More literally, ‘multiple realities’ aptly characterises the region in this period: what was possible in Poland or Yugoslavia was not necessarily possible in Romania or East Germany. Conditions varied widely not only from country to country, but also year to year: in the mid 1960s, Prague was among the most permissive cities in the Bloc, evident in public actions such as The Aktual Walk – Demonstration for All Senses (1964), a Fluxus-inspired Happening by Milan Knizak; after the brutal repression of the Prague Spring in 1968, experimental art was forced underground. Accordingly, curator Pavel Pys dispenses with chronology, dividing the show into four thematic sections supplemented by ‘content rooms’ providing context in the form of archival images and text panels.

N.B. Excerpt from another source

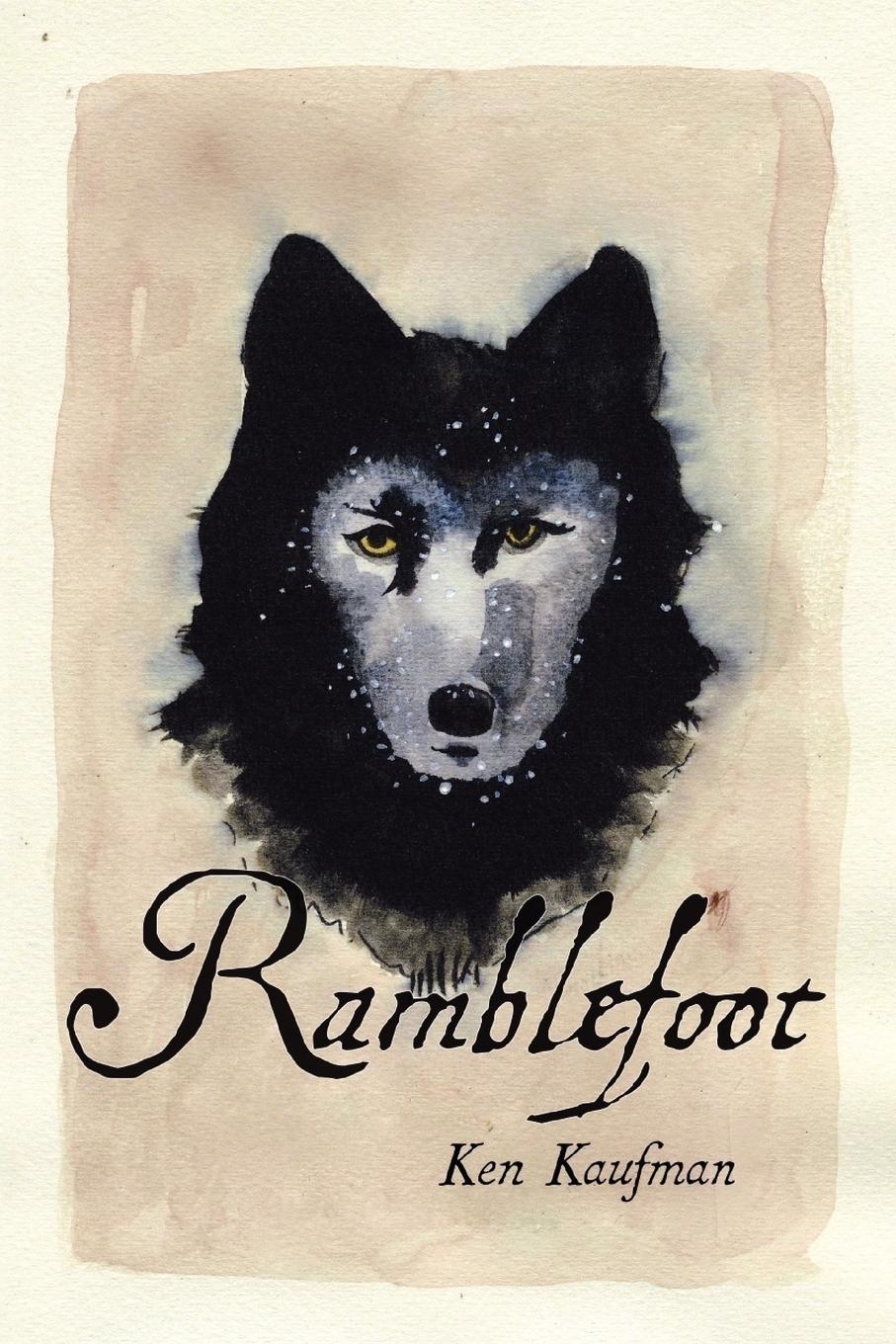 Vorderes Coverbild Ramblefoot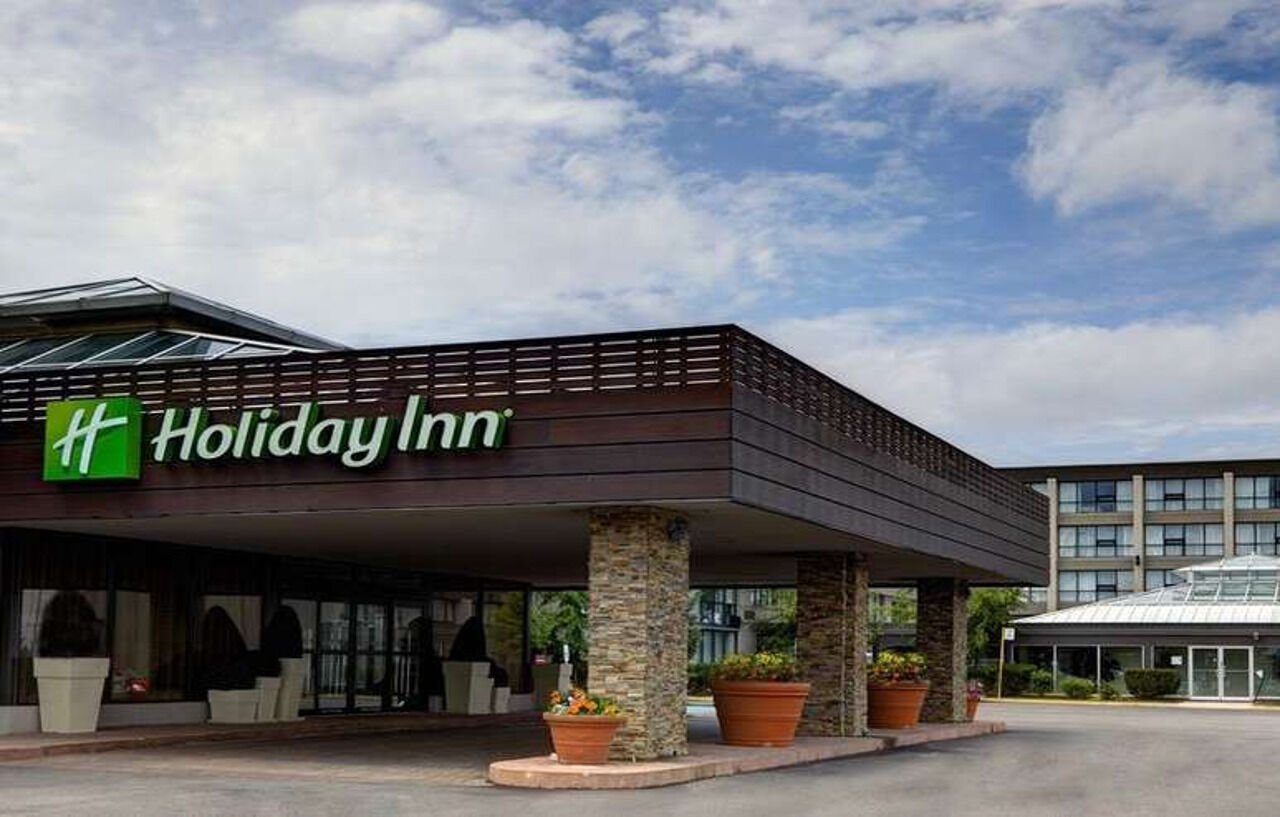 Holiday Inn Toronto Airport East By Ihg Экстерьер фото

The first section, ‘Public and Private Spaces of Control’, explores the effects of mass state surveillance upon artists, many of whom appropriated its forms and techniques to comment on its total mediation of everyday life. Throughout the 1970s, Czech artist Jiri Kovanda performed nearly invisible actions in public space – for instance, turning around to stare at the person behind him on an escalator – displayed as a series of typewritten reports accompanied by photographs taken from a distance by an accomplice. Ion Grigorescu’s photo series Electoral Meeting (1975), taken with a concealed camera, documents undercover agents of the Romanian Securitate conspicuously monitoring the crowd at a Party rally.

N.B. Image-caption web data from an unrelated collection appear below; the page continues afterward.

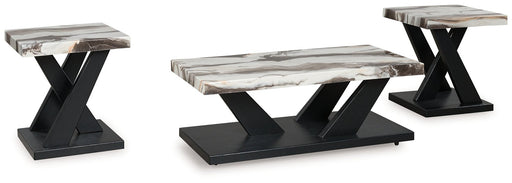 Cendill Table (Set of 3) - Atchison Furniture Company (Atchison, KS)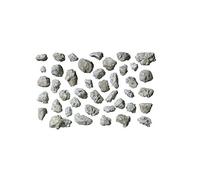 Rock moulds for modelling (railway, diorama, wargame) Woodland Scenics WC12XX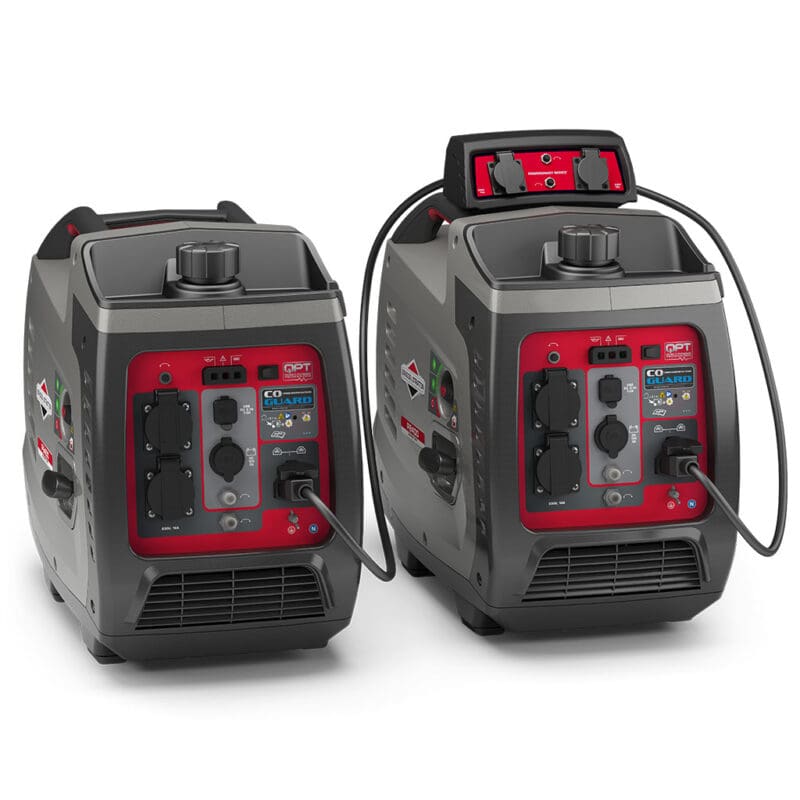 Elverk Briggs & Stratton P2200
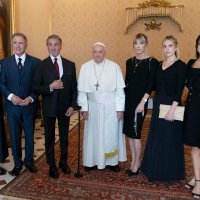 Sylvester Stallone u Vatikanu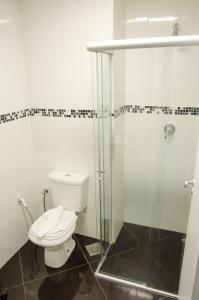 
A bathroom at Serra Palace Hotel
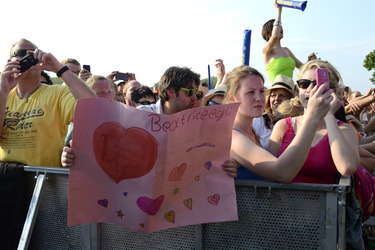 Beatrice Egli Fans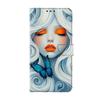 A17 A07 A37 A57 Чехол Фламинго для Samsung Galaxy S26 S25 FE Ultra Plus Fundas Чехол-книжка с подставкой Кожаный кошелек-раскладушка Защитный чехол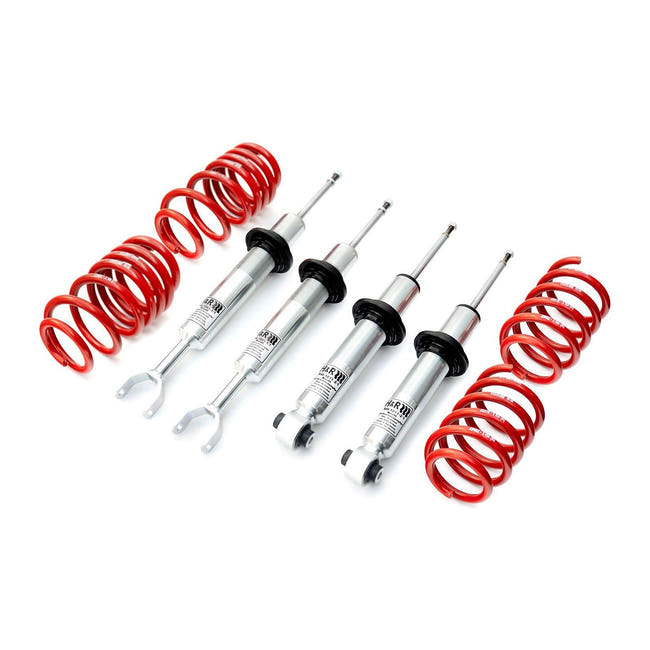 H&R MonoTube Gevindundervogn Audi A6/S6/RS6 C5 Avant – produktbillede 1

By contrast, the ‘Dimensions of the Self’ section turns from the scrutiny of the public sphere to the intimacy of bodily sensation, with an emphasis on explorations of gender and sexuality by women and queer artists, including a display of exquisite sculptures abstracting the female form by Maria Pininska-Beres, Eva Kmentova, Alina Szapocznikow, and Barbara Falender. A number of the works take the form of private performances staged for a small audience of trusted friends – or, in some cases, exclusively for the camera – which reached a wider public only after the fall of the Wall. There are several grids of staged photographs by the East German artists Cornelia Schleime and Gabriele Stötzer, friends and frequent collaborators in the 1980s who often posed for one another in eccentric or confining costumes. Collaboration outside of the enforced norms of state collectivity is also the subject of the ‘Being Together’ section. It ranges from riotous countercultural artefacts such as Andrzej Urbanowicz’s double-sided painting Jezioro Ducha (‘Spirit Lake’) from 1970, made under the influence of LSD and the Rolling Stones, to Julius Koller’s sprawling participatory artwork J.K. Ping-Pong Club, begun in Bratislava in 1970 and continued until the artist’s death in 2007.

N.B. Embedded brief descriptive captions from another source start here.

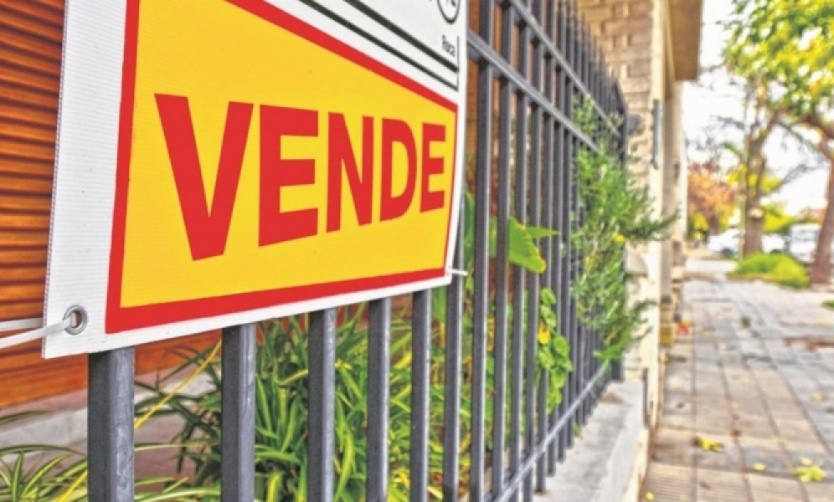 Sigue en baja la compraventa de inmuebles en la provincia de Buenos Aires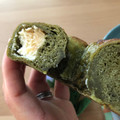 Gluttony’s Bagel Labo 抹茶レモンケーキベーグル 商品写真 4枚目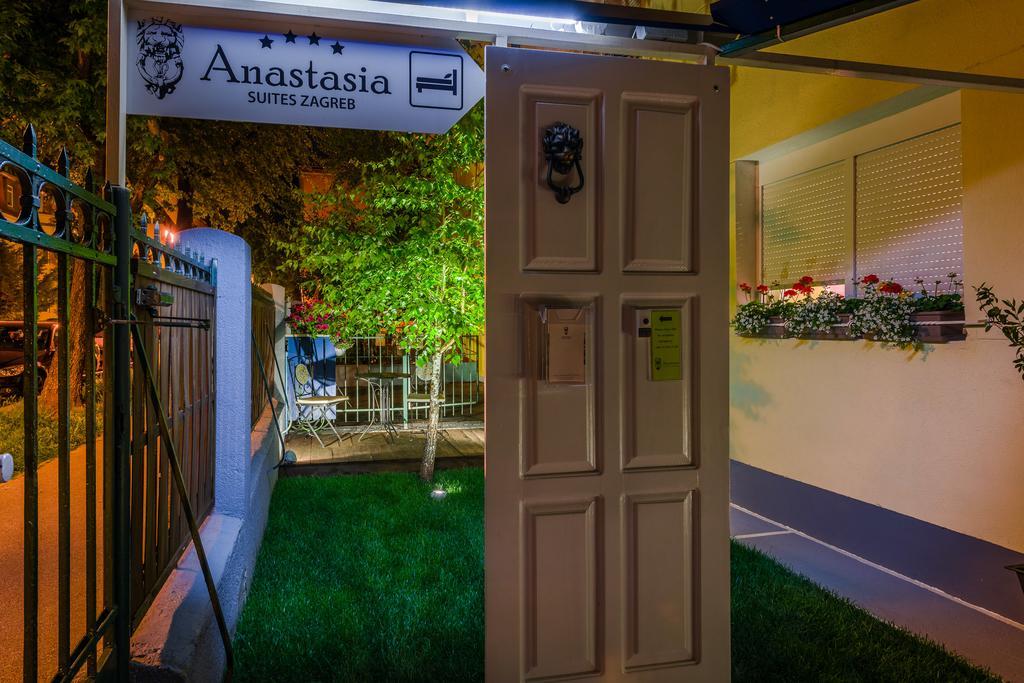 Rooms Mira By Anastasia Zagreb Eksteriør bilde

As the exhibition makes clear, however, the borders between state-sanctioned culture and the experimental underground were never quite so neatly drawn, demonstrated with particular effectiveness by two bodies of work that ostensibly represented opposite poles of artistic expression in East Germany: a group of linocuts depicting strapping young worker-athletes from Jürgen Wittdorf’s Jugend und Sport series of 1964, made for the Academy of Sport in Leipzig, and Stötzer’s Trans Sitzend (1983–84), an array of photographs capturing a young man posing in drag. Yet in the former, Wittdorf, a closeted Party artist, smuggles a remarkably unsubtle homoeroticism into a widely reproduced state commission – under the cover of celebrating heroic proletarian masculinity – while Stötzer’s nonconformist subject was, she learnt years later, a Stasi informer tasked with infiltrating her circle. Likewise, the final ‘Looking to Other Futures’ section is devoted to experiments with new media, made within state institutions such as the Polish Radio Experimental Studio, where artists could use their access to the latest advancements in computer engineering and telecommunications for decidedly personal ends.
Though obviously the product of prodigious research – the catalogue is a doorstopper – ‘Multiple Realities’ is very much a curator’s exhibition. The prioritising of thematic cohesiveness over comprehensiveness in the galleries has its advantages: the works are beautifully installed, the transitions from one section to the next particularly thoughtful. Pys’s thematic approach also allows for several welcome surprises, such as a reconstruction of Gyula Konkoly’s Bleeding Monument (1969) – a block of ice in the shape of a torso, coated in the disinfectant potassium permanganate and wrapped in gauze, which slowly melts, leaving the impression of a bleeding body – and Miejsca (‘Places’) of 1975, an eerily alluring tapestry installation by Janina Tworek-Pierzgalska that disperses representations of bodily fragments around a room like furniture.
However, for an exhibition that advertises itself as the largest survey of East-Central European art to date, there are egregious omissions. KwieKulik, Tamas Szentjoby, Laibach and Mladen Stilinovic are just a few of the major figures who are altogether absent from the galleries. The more austere forms of analytical conceptual art and mail art that were pervasive across the region are largely relegated to a single content room about international cooperation and exchange. (By contrast, certain artists whose works conform more neatly to the exhibition’s themes are arguably overrepresented, namely Stöltzer and Schleime, who appear in almost every section.) But if the show offers an incomplete overview of the experimental art that flourished under state socialism, it nevertheless captures the spirit of the era’s ‘second public sphere’ in all its radical contradictions.
‘Multiple Realities: Experimental Art in the Eastern Bloc, 1960s–80s’ is at the Walker Art Center, Minneapolis, until 10 March.